### Problem to solve
In the entries below, find the line with "Performed scheduled maintenance" and the line with "a quilted wall"; reproduce those two lines and all lines between them exactly, without pictures.

### Exercise data
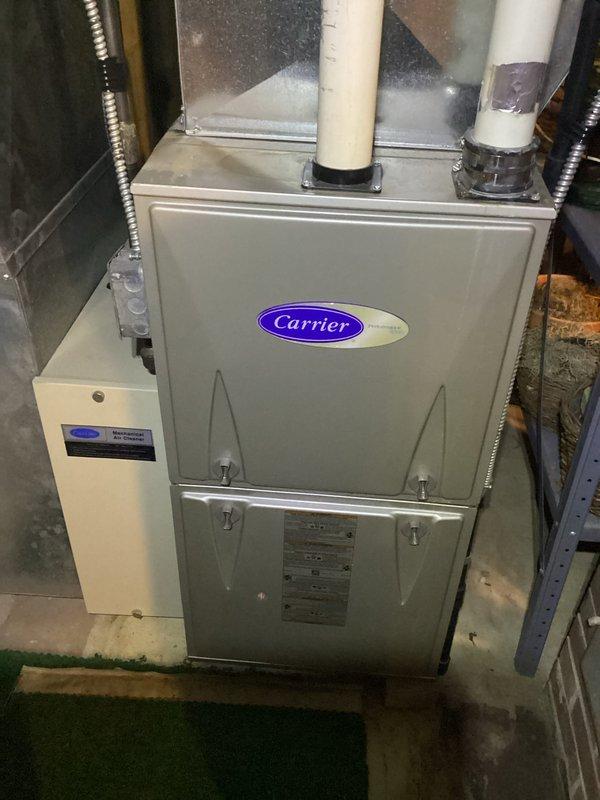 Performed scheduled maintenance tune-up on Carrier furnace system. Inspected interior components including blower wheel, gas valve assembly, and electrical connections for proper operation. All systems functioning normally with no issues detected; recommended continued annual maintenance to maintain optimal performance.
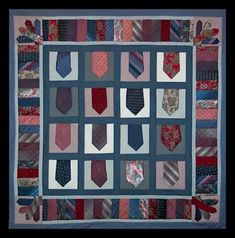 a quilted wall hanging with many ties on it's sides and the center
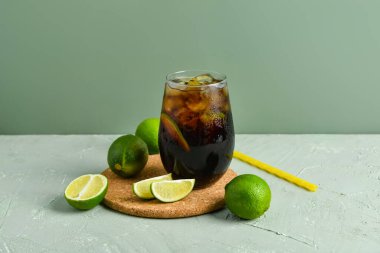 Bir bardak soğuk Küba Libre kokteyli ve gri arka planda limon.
...
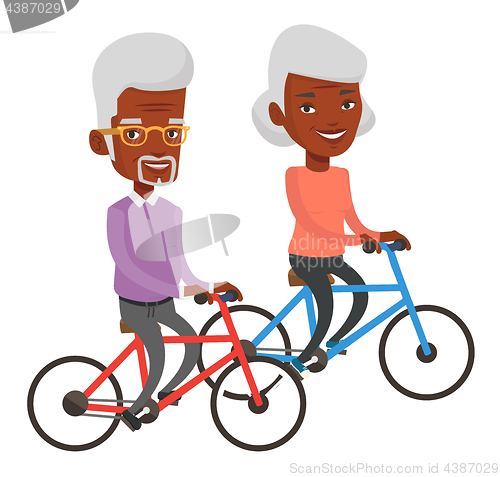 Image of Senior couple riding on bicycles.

### Output of the exercise
 Performed scheduled maintenance tune-up on Carrier furnace system. Inspected interior components including blower wheel, gas valve assembly, and electrical connections for proper operation. All systems functioning normally with no issues detected; recommended continued annual maintenance to maintain optimal performance.
 a quilted wall hanging with many ties on it's sides and the center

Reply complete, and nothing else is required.